▽

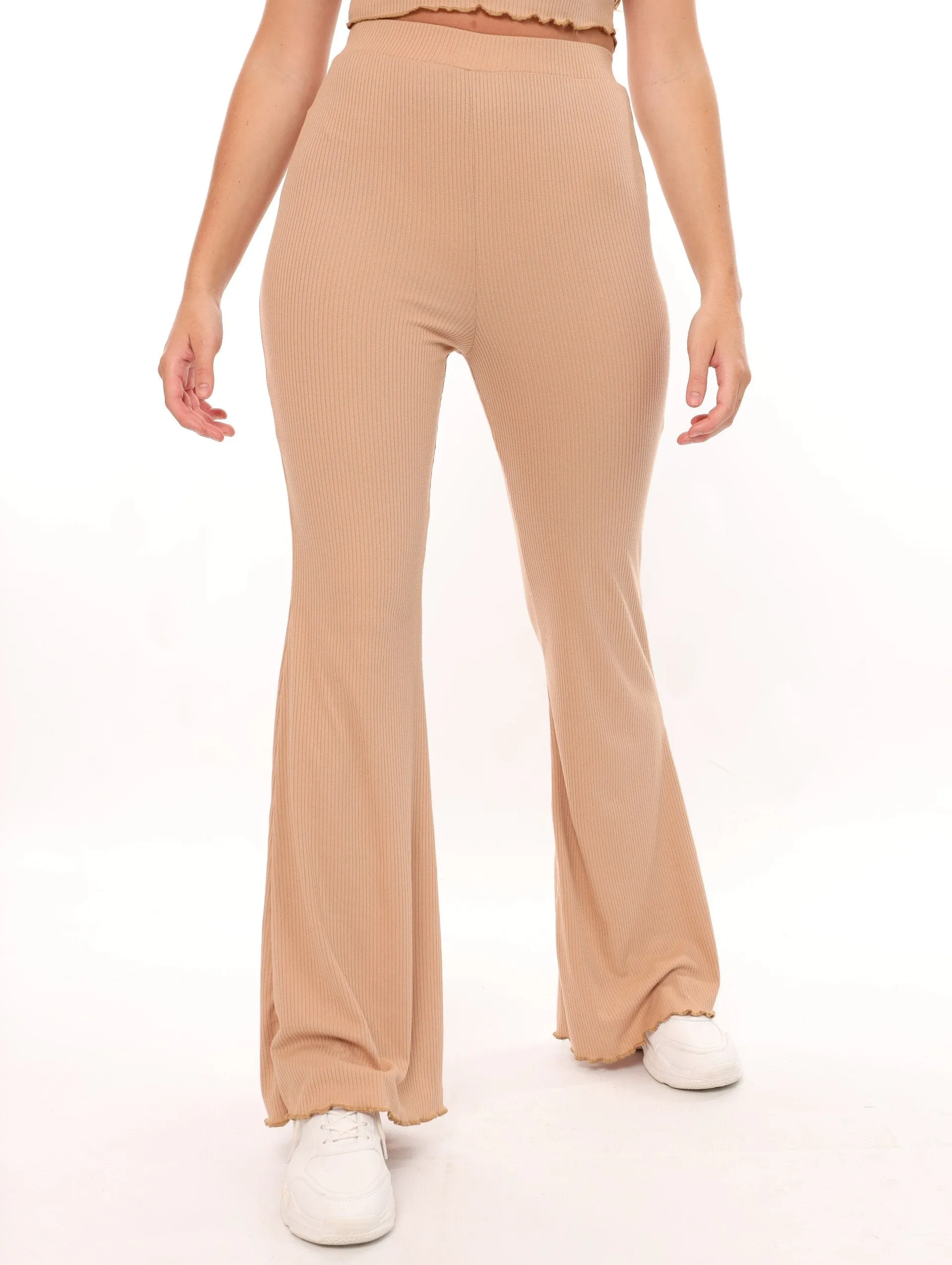 Ladies Crinkle Knit Flare Leg Pant Set - Beige sold by Edgars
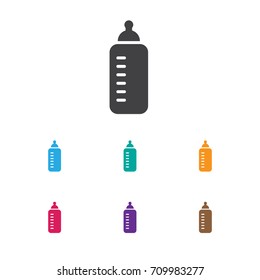 Vector Illustration Of Relatives Symbol On Feeder Icon. Premium Quality Isolated Baby Bottle Element In Trendy Flat Style.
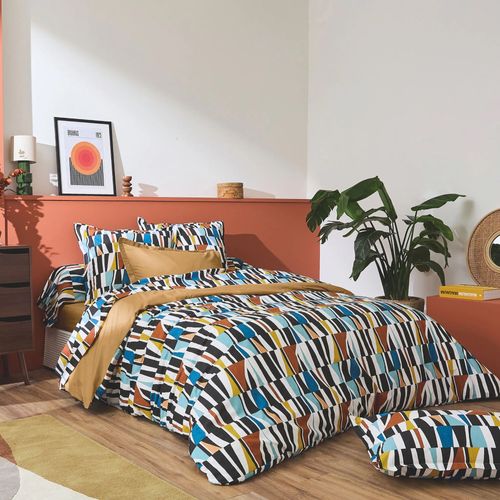 Parure De Lit 300x240 Cm 50x70 Cm Pur Coton Pietro Multicolore 3 Pièces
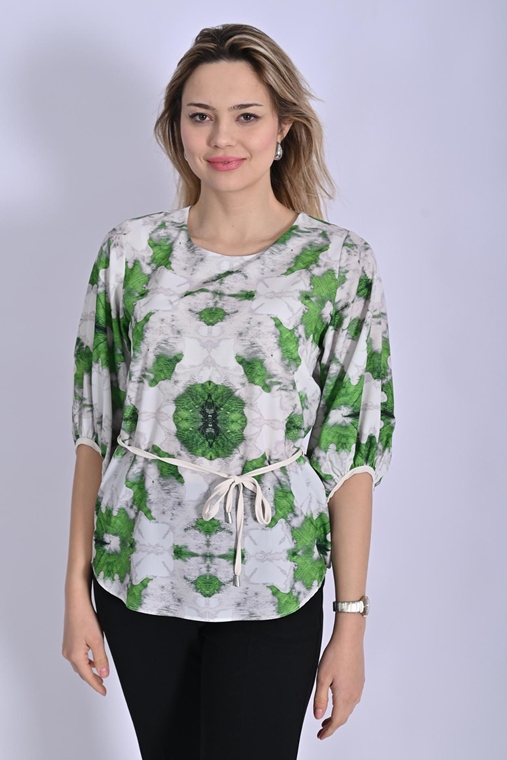 Unique Lady Casual Blouses Red Green Turquoise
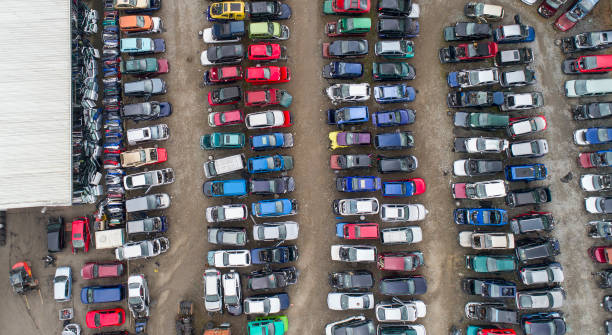 istock Aerial view of a car junkyard 939149140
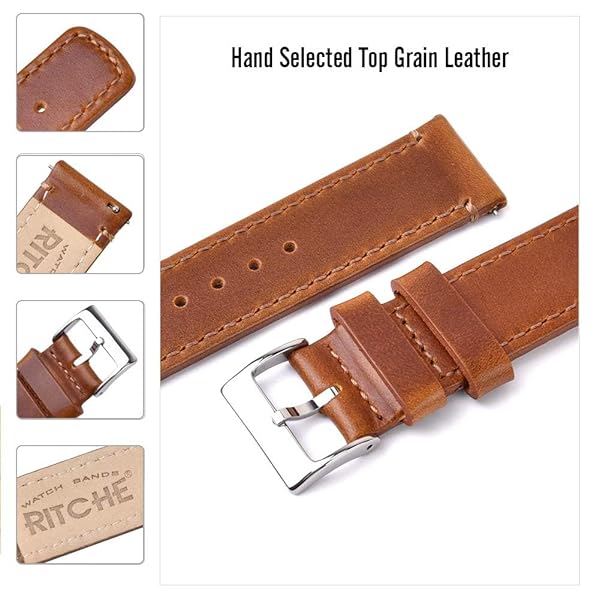 Ritche Ritche Christmas Gift 24mm Classic Genuine Leather Watch Band Quick Release Vintage Strap for Men Women Perfect for White Elephant Gifts - View 5 of 7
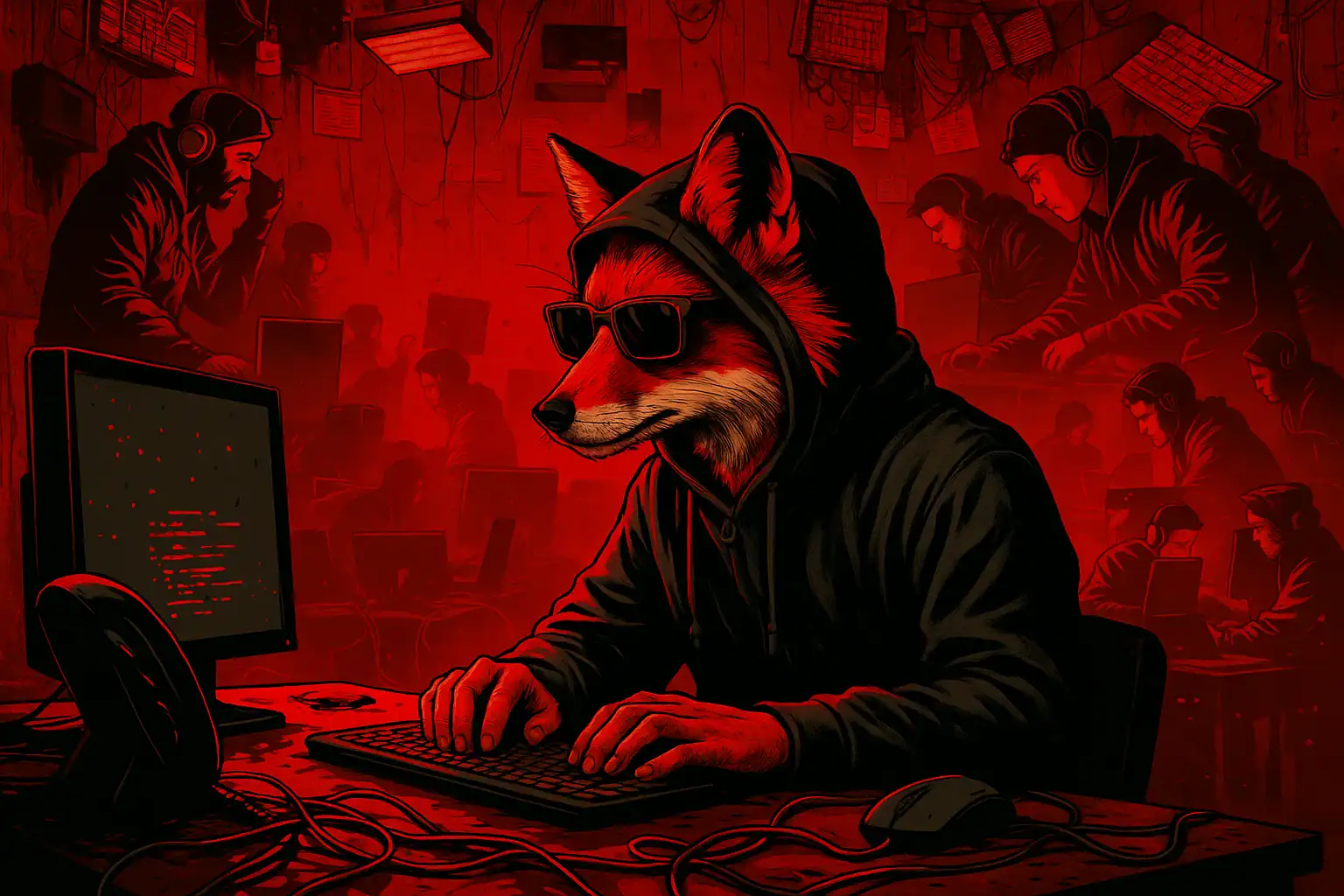 Red Teamer: How to Become an Elite Offensive Security Specialist Anthropomorphic fox in hoodie working at a computer — Red Team cybersecurity expert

△

#### Work instruction:
Look at the listing and set down only the lines from its start through the line with "Parure De Lit", word for word and without pictures.

#### Response for this exercise:
 Ladies Crinkle Knit Flare Leg Pant Set - Beige sold by Edgars
 Vector Illustration Of Relatives Symbol On Feeder Icon. Premium Quality Isolated Baby Bottle Element In Trendy Flat Style.
 Parure De Lit 300x240 Cm 50x70 Cm Pur Coton Pietro Multicolore 3 Pièces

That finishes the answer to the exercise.